Vista cansada? É mais normal do que parece
É comum ouvir a expressão “ter a vista cansada”. Este é um termo muitas vezes utilizado para referir dificuldades de visão para o perto, o que em termos médicos se denomina “presbiopia”.
Vista cansada, no sentido comum, tem que ver com todos os sintomas relacionados com o esforço de visão, aquilo a que os médicos chamam “astenopia”. Então em que consiste a vista cansada ou presbiopia?
Um olho normal é capaz de focar na retina a imagem de um objecto colocado ao longe, isto é, a mais de seis metros. Se o objecto for deslocado para mais próximo do olho, a imagem, claro está, desloca-se no mesmo sentido e ficará colocada atrás da retina. Na verdade, isto não acontece porque o olho tem capacidade de mover a imagem de trás para a frente de modo a recolocá-la na retina. A este processo dá-se o nome de acomodação.
A acomodação resulta da contracção de um músculo no interior do olho – o músculo ciliar – que faz com que o cristalino aumente o seu diâmetro ântero-posterior e, por consequência, o seu poder convergente.
A acomodação funciona muito bem até aos 42-44 anos, idade em que progressivamente vamos perdendo capacidade de acomodar, que é como quem diz, vamos perdendo progressivamente capacidade de ver ao perto. Aos 65 anos, a acomodação desaparece completamente e a visão para perto deixa de piorar.
Não se sinta sozinho!
A perda da capacidade de ver ao perto a partir dos 42-44 anos é universal e afecta todos por igual, letrados ou iletrados, com hábitos de trabalho ou habituados a não fazer nada, utilizadores zelosos de óculos receitados pelo médico ou renitentes crónicos ao uso dos óculos. De facto, a perda da capacidade de ver ao perto é absolutamente normal. Sendo um processo fisiológico, nada se pode fazer no sentido de a evitar ou minorar, pelo menos nada de que se tenha conhecimento até à data.

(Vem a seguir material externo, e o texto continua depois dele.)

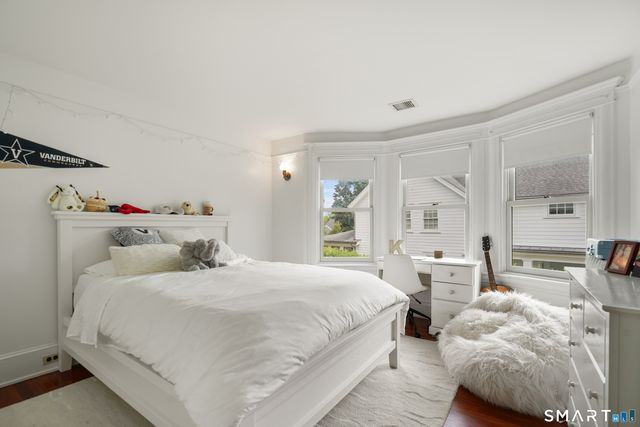 2 Wahneta Road, Greenwich, CT 06870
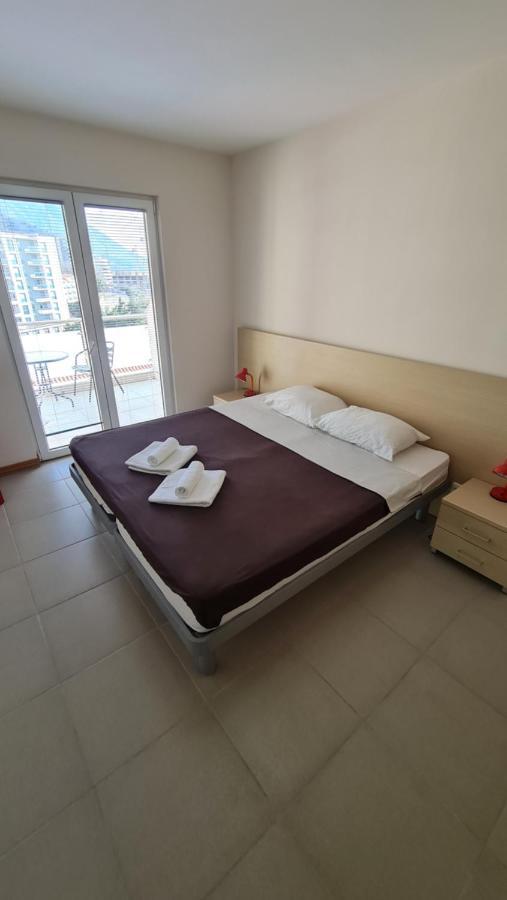 Irish Apartment Complex Budva Exteriör bild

Para compensar a inevitável perda de acomodação de modo a permitir a visão ao perto, temos de usar lentes convergentes. As lentes convergentes só podem ser usadas quando olhamos para perto e nunca para longe, sob pena de desfocar a imagem do objecto colocado ao longe, o que, na prática, quer dizer todos os objectos que estejam para além de 40 cm de distância do olho.

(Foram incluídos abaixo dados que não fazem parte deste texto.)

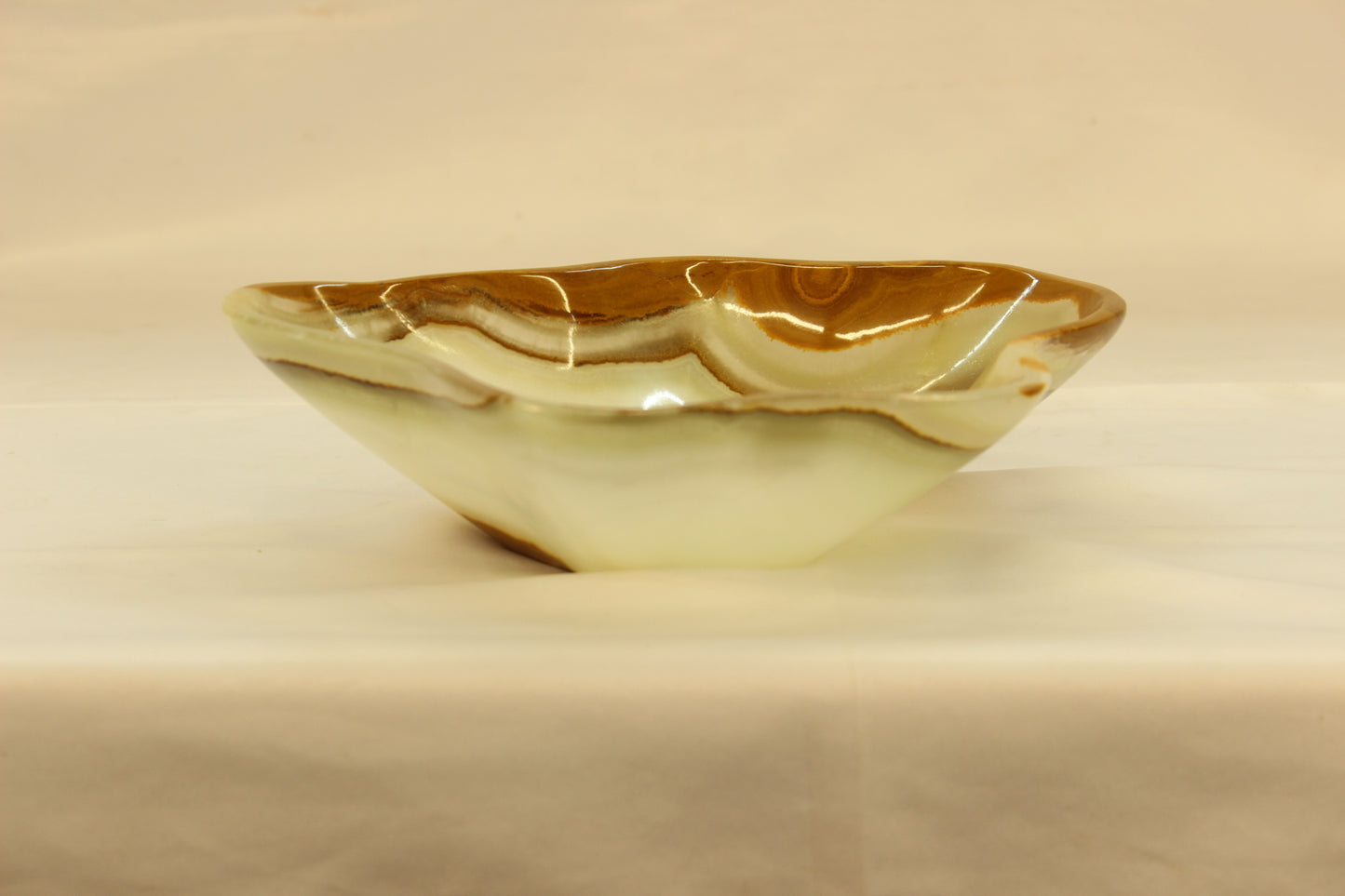 Beige Boundary Onyx Centerpiece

Sendo assim, torna-se necessário usar dois pares de óculos. Para obviar o inconveniente de usar dois pares, podemos optar por óculos bifocais ou progressivos, ambos possuindo dois pontos de focagem e, por conseguinte, permitindo ver ao perto e ao longe. Se o leitor nunca usou óculos até aos 42-44 anos, e portanto vê bem para longe, pode ainda optar por óculos “meia-lente”, que permitem olhar em frente por cima das lentes.
Importa saber…
Foi dito que a vista cansada afecta todos por igual. Como explicar então a circunstância de um amigo com 55 anos conseguir ver ao perto sem óculos?

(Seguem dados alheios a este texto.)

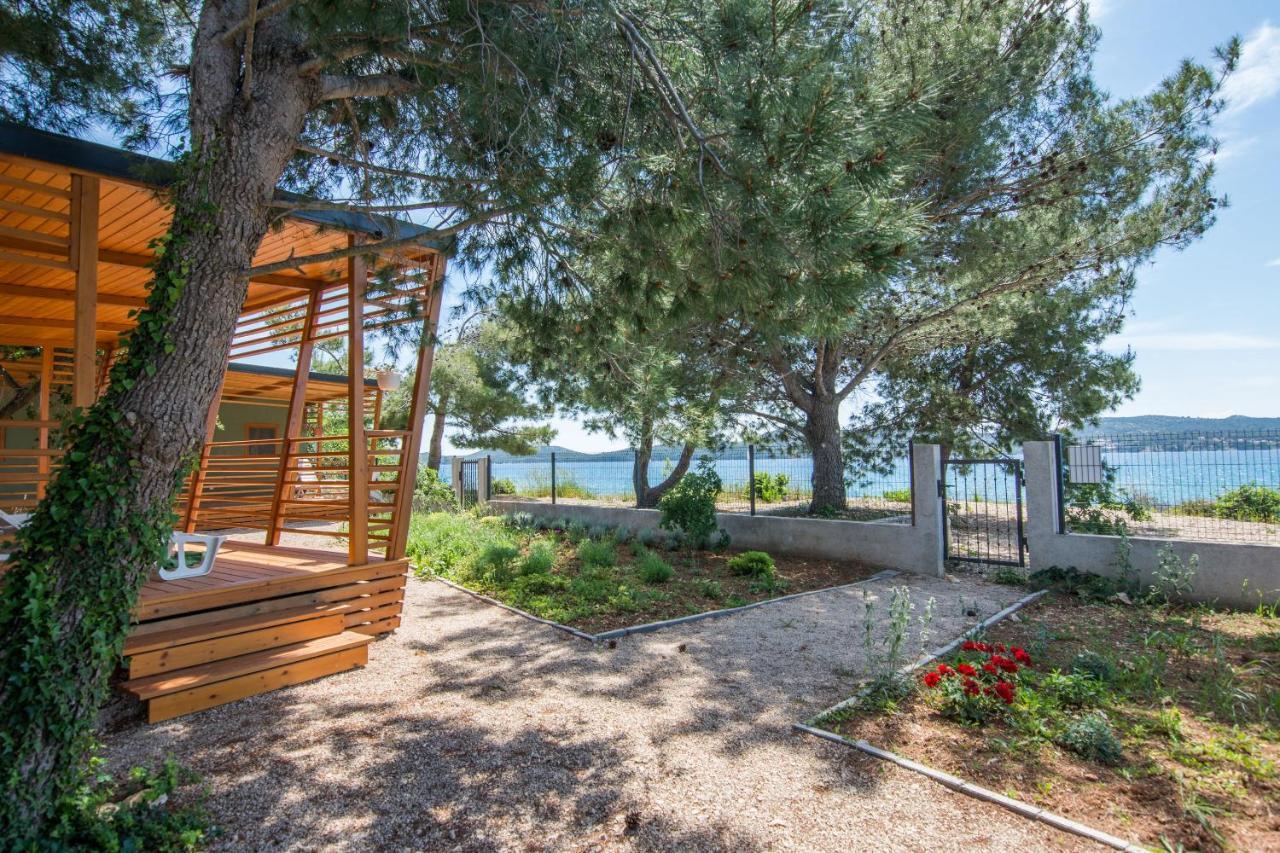 Mobile Home Safir Biograd na Moru Kültér fotó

Vê melhor do que eu, que apesar de ter menos alguns anos só consigo ler com óculos? A resposta encontra-a o leitor se mandar esse amigo ler umas letras ao longe: verifica-se uma incapacidade de ver correctamente ao longe, isto é, a presença de miopia. A miopia é a única situação que permite ver ao perto sem óculos na idade da vista cansada. O míope tira os óculos para ver ao perto e deste modo compensa a falta de acomodação. A razão pela qual isto acontece é aritmética: a lente da miopia é divergente ou negativa, enquanto a lente da vista cansada é positiva ou convergente.